Augusta could generate electricity using methane from Hatch Hill landfill
The city already captures, and burns off with a flare, methane gas produced at the landfill.
AUGUSTA, GEORGIA — City officials propose to add electrical infrastructure that could lead to methane produced by decomposing garbage at Hatch Hill landfill being used to produce electricity.
The city already captures, and burns off with a flare, methane gas produced at the landfill to prevent it from escaping into the environment.
But a proposal from city officials to have Central Maine Power install new electrical infrastructure to bring three-phase power to Hatch Hill would also allow the city to further explore a proposal to capture the gas and use it to produce electricity. Three-phase power is necessary at the landfill to run heavy equipment, according to city officials.
City Manager William Bridgeo said initial analysis indicates the city could generate electricity at Hatch Hill, which would be fed back into the electrical grid, with the city getting a credit on its electric bills for major city and school facilities in Augusta, and save enough money doing so to pay for the upgrade. It would generate additional savings as well.
“It appears to be very promising, the numbers we’re seeing suggest we could have a favorable impact on our electricity bills,” Bridgeo said Tuesday.
Bridgeo said a recently completed engineering report by Competitive Energy Services confirmed city staff’s previous assessment that the city could generate enough electricity at Hatch Hill for the potential project to return a positive payback on the city’s investment. He said, if the proposal moves forward and councilors approve of it, the city could borrow money to pay for the project, and more than pay back the loan with the savings in electricity costs.
But three-phase power would be needed at Hatch Hill to handle the new system, and the landfill currently only has singe-phase power, which comes via a line from Route 3 installed in the 1960s, according to Lesley Jones, public works director.
Bridgeo and Jones said even if the city never moves forward with a proposal to build a facility to convert methane to electricity, having three-phase power at Hatch Hill would have benefits.
Jones said several pieces of equipment at Hatch Hill should operate on three-phase power, such as recycling balers and leachate pumps. Without access to it, the city instead uses converters and variable frequency drives to run that equipment, but she said doing so makes it less efficient and shortens the life span of the motors.

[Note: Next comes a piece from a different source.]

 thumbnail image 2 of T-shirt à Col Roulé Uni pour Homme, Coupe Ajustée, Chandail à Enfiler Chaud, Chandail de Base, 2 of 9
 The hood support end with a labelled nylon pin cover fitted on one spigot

Bringing three-phase power to the site would cost about $375,000, which Bridgeo said could come out of the Hatch Hill enterprise fund, with no impact on the city’s property tax rate. Jones said Bob LaBreck, city facilities manager, has been working with CMP on a proposal to bring three-phase power to Hatch Hill from South Belfast Avenue, which would be less costly than bringing it from Route 3.

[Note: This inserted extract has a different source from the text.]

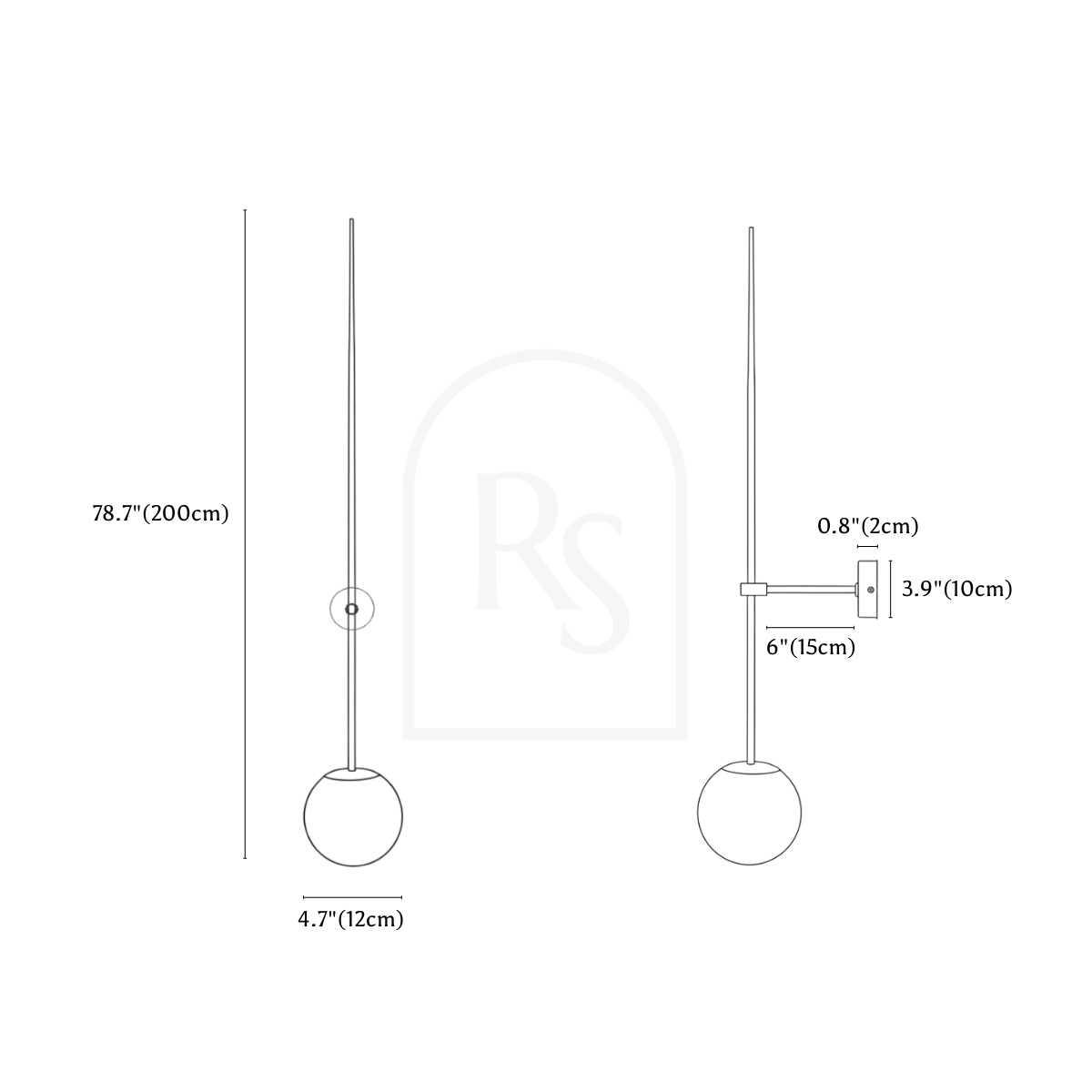 Pensile Wall Lamp line drawing 5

Jones said three-phase power would also be more reliable, resulting in fewer power outages at the landfill.
While the current landfill is projected to be full in 12 to 15 years, the facility, Bridgeo and Jones said, will still likely be used as a disposal site.
Bridgeo said the city also, longer term, plans to study the potential for installing solar panels at Hatch Hill, which could allow the site to produce more electricity on top of that potentially produced by the methane conversion system.

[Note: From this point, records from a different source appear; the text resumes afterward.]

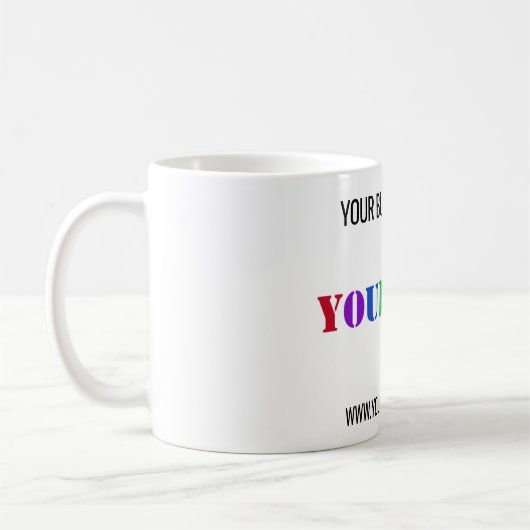 Aangepaste Bedrijf Logo en Tekst Zakelijke Mok (Links)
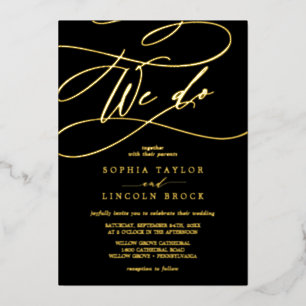 Invitation En Aluminium Or Romantique à Feuille D'Or Nous Nous Marions à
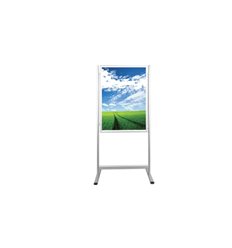 Poster stand with click frame and brochure holder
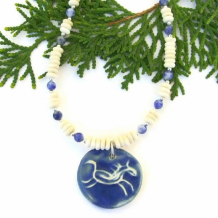 WILD AND FREE - Petroglyph Running Horse Necklace, Bone Blue Sodalite Handmade Beaded Pendant Jewelry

In 2012, a man representing an international company pitched a proposal to build a plant at Hatch Hill that would process trash from the landfill and turn it into liquid fuel, such as diesel fuel.
Bridgeo said that proposal was attractive when diesel and gas prices were high, but the economics of it wouldn’t work at Hatch Hill with the current, relatively low, fuel prices.
Bridgeo said if councilors approve and the proposal moves forward, it could go online in early 2018.
Councilors meet to discuss the proposal to bring three-phase power to Hatch Hill at their 6:30 p.m. meeting Thursday, in council chambers at Augusta City Center.
Councilors are also scheduled to hear a presentation on Howard Hill, a 164 acre property that provides a natural, dramatic, and largely unspoiled backdrop to the State House Complex.